Skip the pictures. Repeat everything else in the records word for word.
* * * * * * * * *
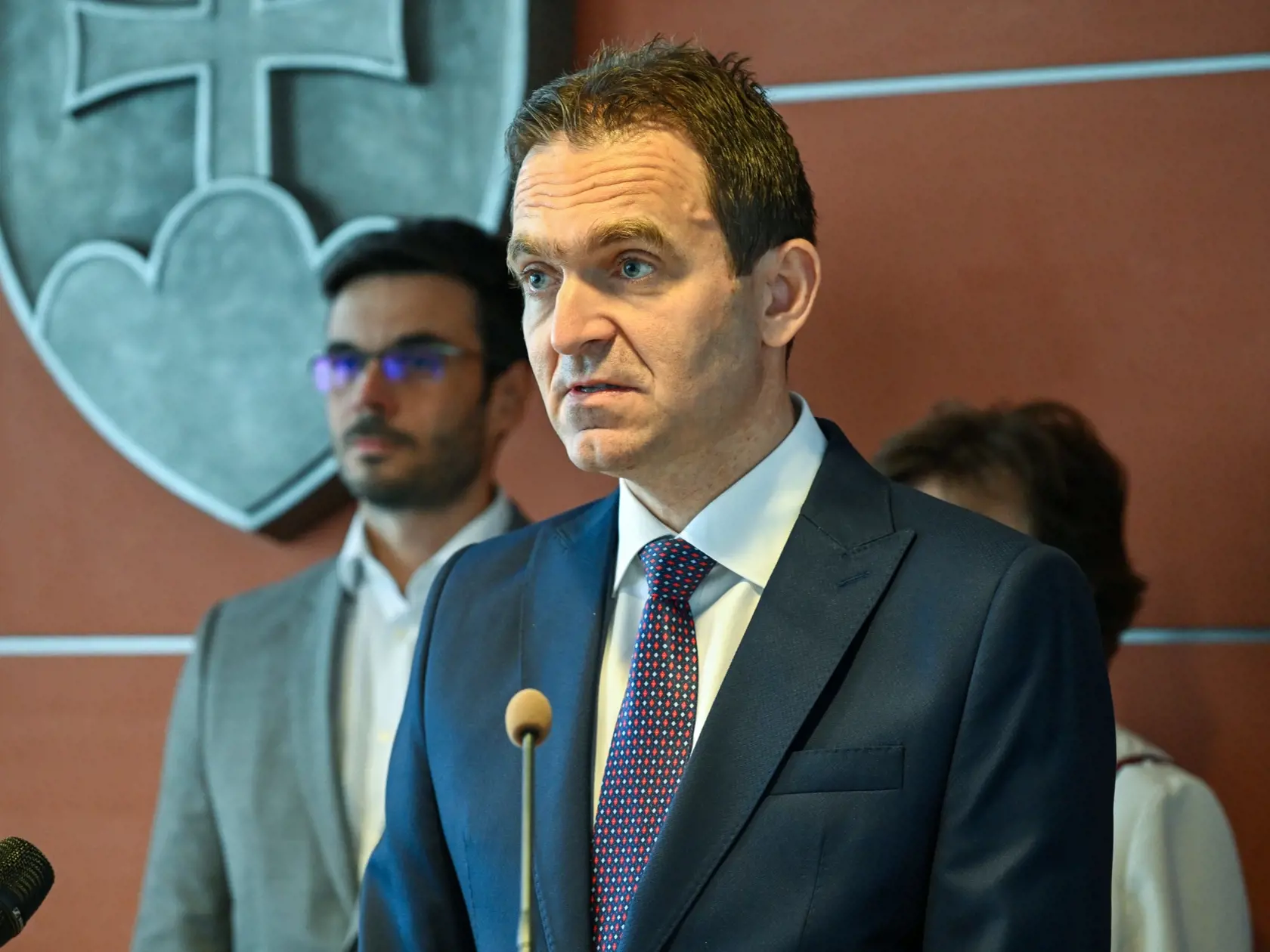 Na snímke zľava štátny tajomník ministerstva vnútra SR Tomáš Oparty, riaditeľka odboru volieb a referenda sekcie verejnej správy ministerstva vnútra SR Eva Chmelová a dočasný predseda vlády odborníkov SR poverený riadením ministerstva vnútra SR Ľudovít Ódor počas tlačovej konferencie na tému Voľby do Národnej rady SR 2023 v Bratislave vo štvrtok 10. augusta 2023.  O voľbu poštou zo zahraničia v septembrových predčasných parlamentných voľbách požiadalo 72.993  občanov.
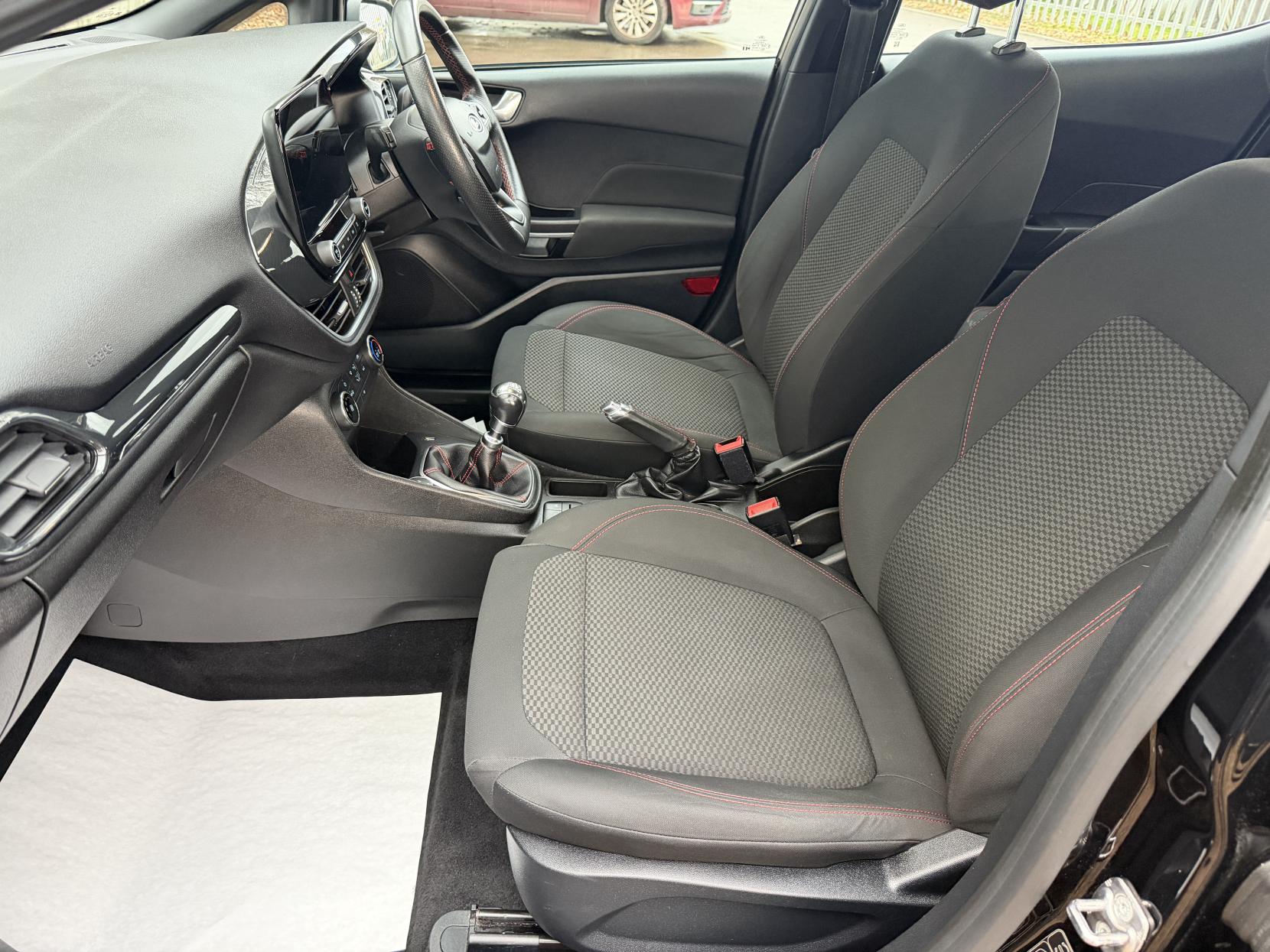 Ford Fiesta 1.0T EcoBoost GPF ST-Line Hatchback 5dr Petrol Manual Euro 6 (s/s) (125 ps)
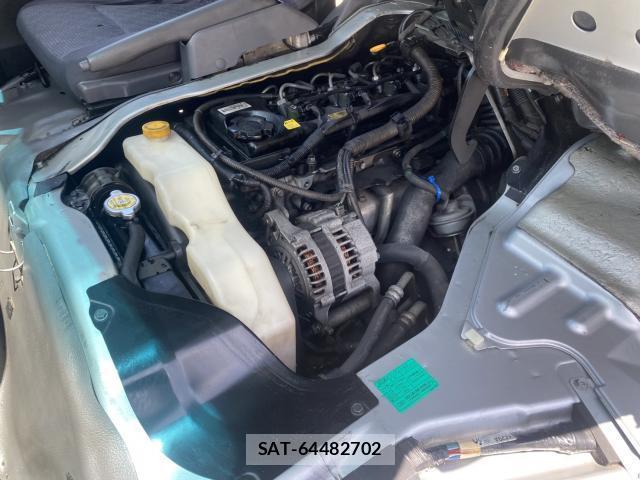 Nissan Caravan 2009-02 8285831-3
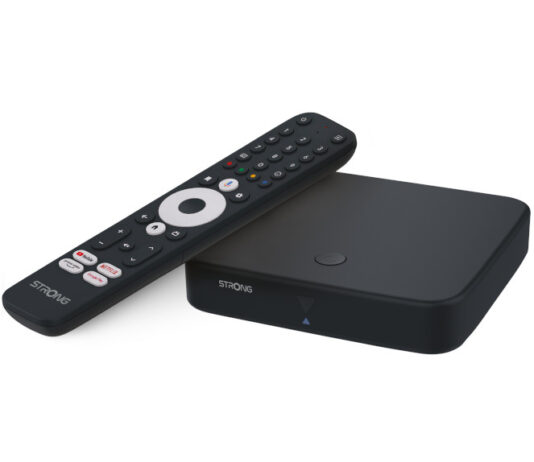 Smart TV Box SRT243 von Strong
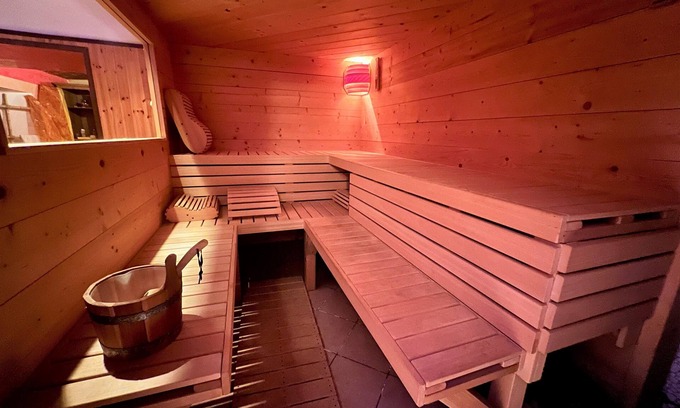 Alessandria Maison | Sleep in the SPA with water bed, wood-burning sauna, emotional shower and Kneipp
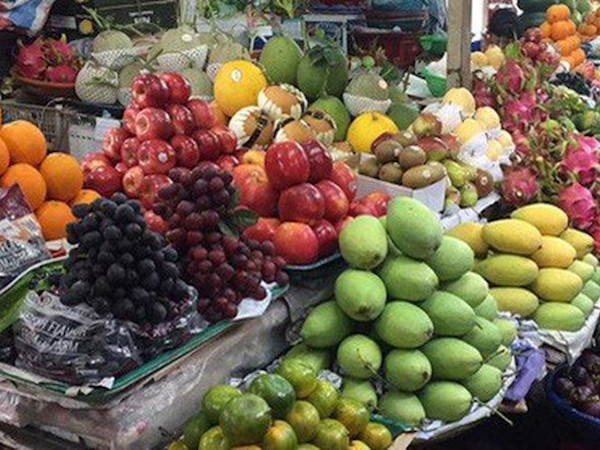 Trái cây nội giá cao bất thường giữa chính vụ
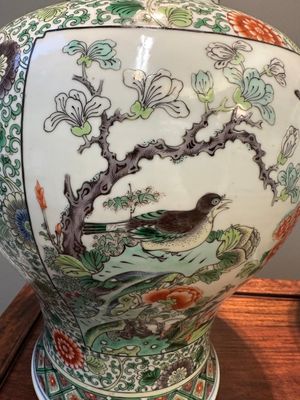 Een paar Chinese famille verte dekselvazen met vogels tussen bloesemtakken, Kangxi merk, 19e eeuw — foto 10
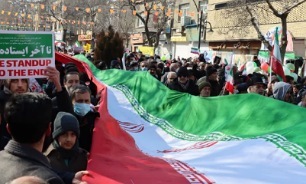 جشن پیروزی انقلاب با حضور گرم مردم در سرمای همدان برگزار شد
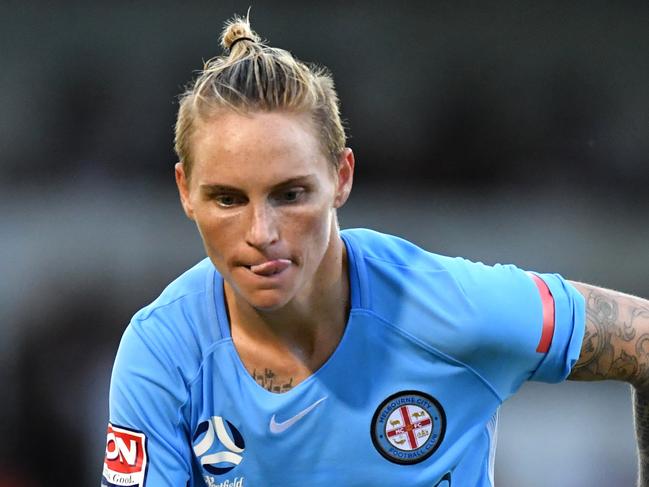 Jessica Fishlock of Melbourne City in action during the W-League Semi-Final between the Brisbane Roar and Melbourne City at Perry Park in Brisbane, Sunday, February  11, 2018. (AAP Image/Darren England) NO ARCHIVING, EDITORIAL USE ONLY.
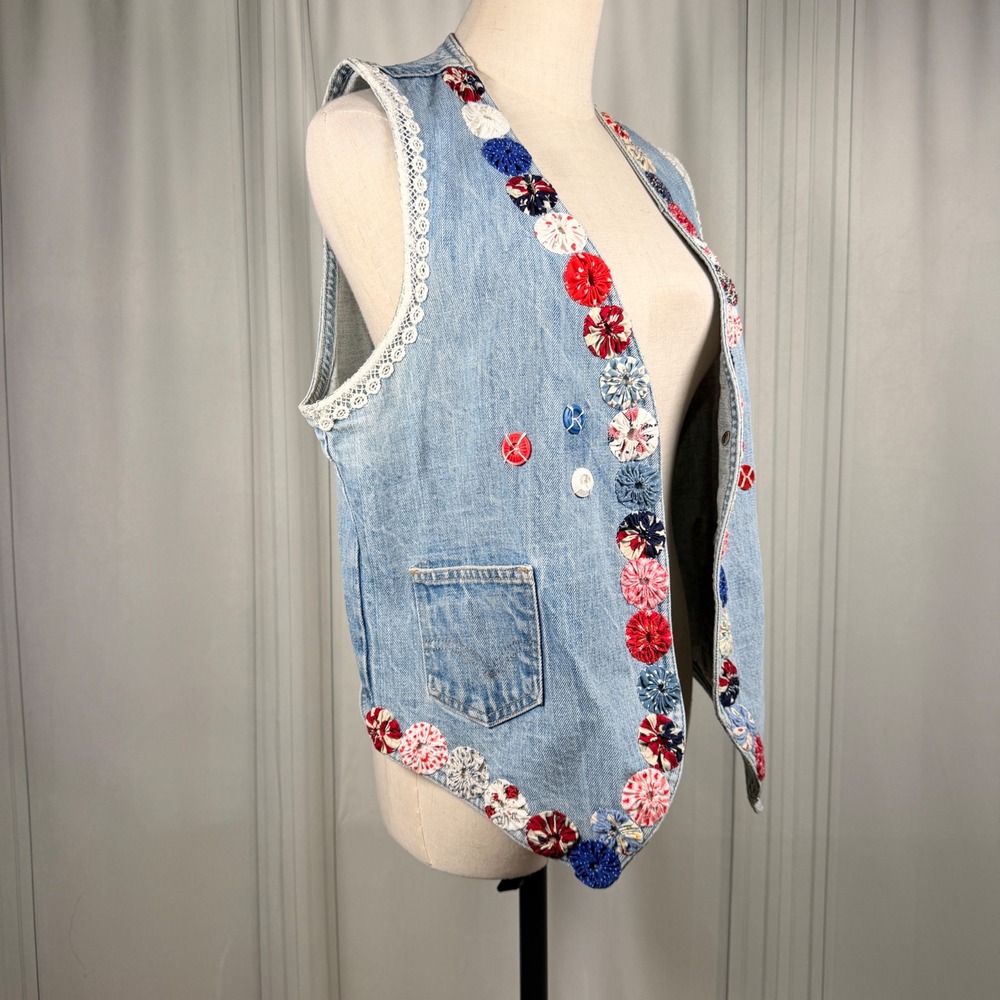VTG Handcrafted Folk Art Yo-Yo Quilt Denim Vest Americana 4th of July‎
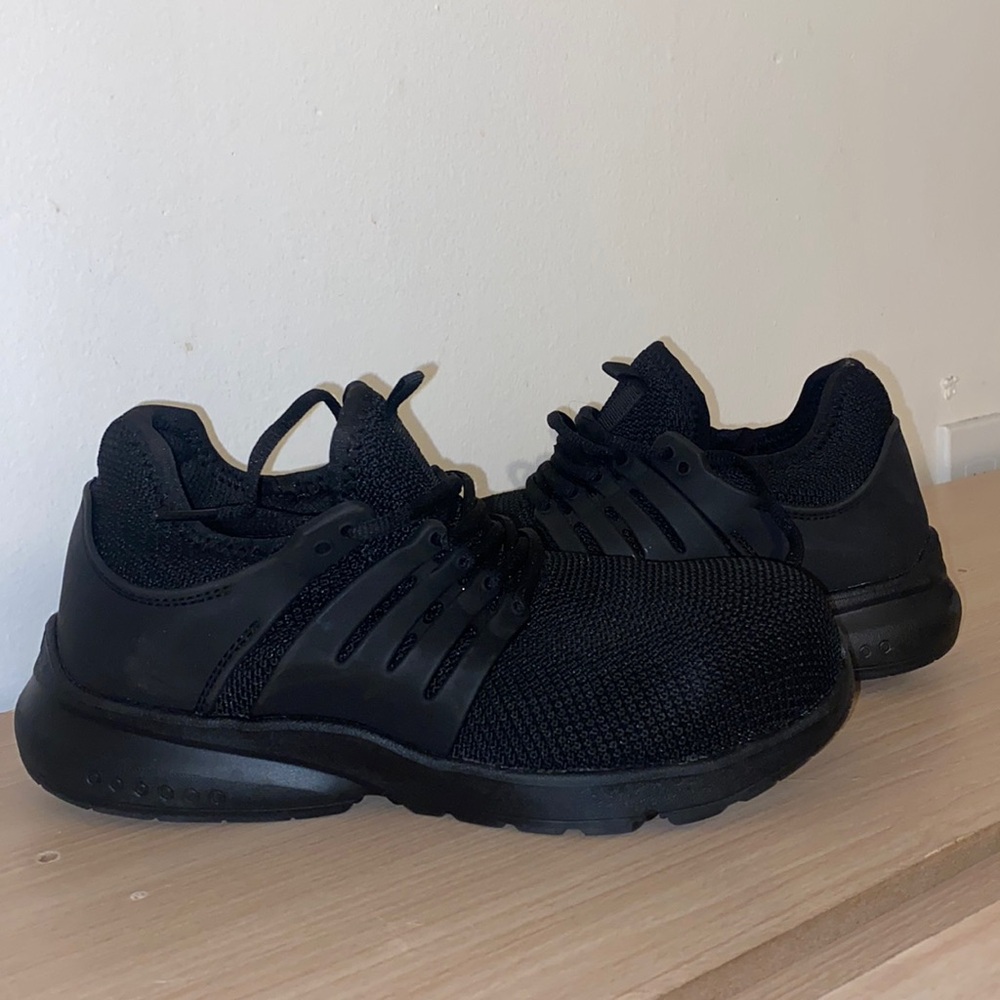 DYKHMILY BLACK SHOES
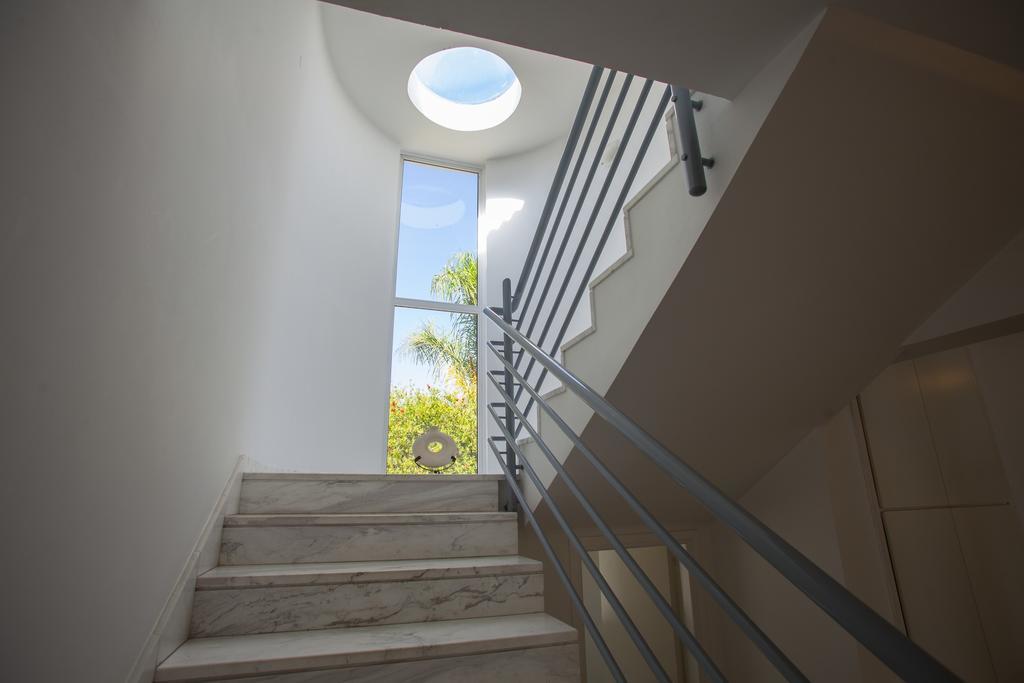 Meneou Beachfront Villa Sunset Pervolia Quarto foto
* * * * * * * * *
▶ **RESULT**:
 Na snímke zľava štátny tajomník ministerstva vnútra SR Tomáš Oparty, riaditeľka odboru volieb a referenda sekcie verejnej správy ministerstva vnútra SR Eva Chmelová a dočasný predseda vlády odborníkov SR poverený riadením ministerstva vnútra SR Ľudovít Ódor počas tlačovej konferencie na tému Voľby do Národnej rady SR 2023 v Bratislave vo štvrtok 10. augusta 2023.  O voľbu poštou zo zahraničia v septembrových predčasných parlamentných voľbách požiadalo 72.993  občanov.
 Ford Fiesta 1.0T EcoBoost GPF ST-Line Hatchback 5dr Petrol Manual Euro 6 (s/s) (125 ps)
 Nissan Caravan 2009-02 8285831-3
 Smart TV Box SRT243 von Strong
 Alessandria Maison | Sleep in the SPA with water bed, wood-burning sauna, emotional shower and Kneipp
 Trái cây nội giá cao bất thường giữa chính vụ
 Een paar Chinese famille verte dekselvazen met vogels tussen bloesemtakken, Kangxi merk, 19e eeuw — foto 10
 جشن پیروزی انقلاب با حضور گرم مردم در سرمای همدان برگزار شد
 Jessica Fishlock of Melbourne City in action during the W-League Semi-Final between the Brisbane Roar and Melbourne City at Perry Park in Brisbane, Sunday, February  11, 2018. (AAP Image/Darren England) NO ARCHIVING, EDITORIAL USE ONLY.
VTG Handcrafted Folk Art Yo-Yo Quilt Denim Vest Americana 4th of July‎
 DYKHMILY BLACK SHOES
 Meneou Beachfront Villa Sunset Pervolia Quarto foto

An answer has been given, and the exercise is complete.